Paytons dad bought our Angel some things yesterday , because i have been feeling Payton is a boy, he bought blue things, they are georgouse, but i looked at them maybe twice and cant even go to look at them now, i get to the door of my bedroom and cant move. Bubs godfather made him some things and took beautiful pictures, i cant look at them, a good freind made me something for all three of my Angels, i cant look at it for too long. I want to , i just cant.

I was going to write so mch more, but now im doing it, i am not feeling able to write any more.

<3 Payton <3 10/01/2010 <3

Sunday, January 10, 2010

<3 Payton <3

I nearly came to post last night, to talk about what i hoped for my baby, that i hoped my Angels were watching over us. Now i need to ask instead that the girls look after Payton for me when they meet.
I am losing my baby, there is nothing that can be done to stop it. I have been checked and they have said it will happen, it is happening, my baby is leaving me . I am sitting here waiting and it is not a nice feeling, i want to cry but i cant, its not happening , instead i am sitting here not feeling like me, i dont know what to think or say. In a way i want it to be overm but in another way i dont. I dont understand why, my body is failing me and my baby, again .. Please keep my youngest baby Payton in your thoughts as my girls wait to meet their sibling ..

Friday, January 8, 2010

New beginnings

I havent been posting for a while, so thought i would come and say hi. So Christmas was hard, hard not having my mum and so hard knowing that i should be holding Rillee and that would have been her first christmas with me . With the help of all my friends i did it , i got through it and came out the other side.

So much has happened since my last post. I found myself getting closer to an already very close friend , a total shock to both of us, you always hear , "that it only takes once" well, this is the situation we have found ourselves in of late, we have recently found out that we are 5 weeks pregnant <3 and as far as we can tell, it is from our first shall we call it .. "improptue date" He is so gentle and caring and i have to stop sometimes and wonder how i could not see that he has been right here the whole time.

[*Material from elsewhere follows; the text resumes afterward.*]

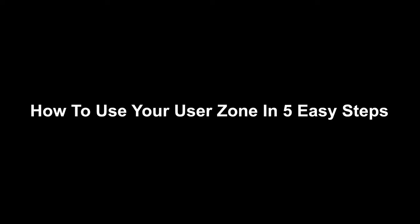Welcome to this Spatial tutorial, where today we will show you around your Spatial User Zone in 5 easy steps.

The only way to try and explain how i am feeling is to say that i am .. Happy/anxious/excited/sad/overjoyed and terrified. I am afraid that something will go wrong, that i will not be allowed to keep my rainbow baby, as happened with the girls. Noone knows why things happen and why our babys are taken from us, i suppose all we can do is pray that we will be allowed the chance to finally hold our babies in our arms and to protect them. I am able to be positive, but every once in a while, the anxiety creeps in hitting me at any given moment, i have been crying for my smallest Angel a lot , only months ago i lost her and i am feeling a little like a trator, i have made the mistake of not using my head when i should have and now i am pregnant again.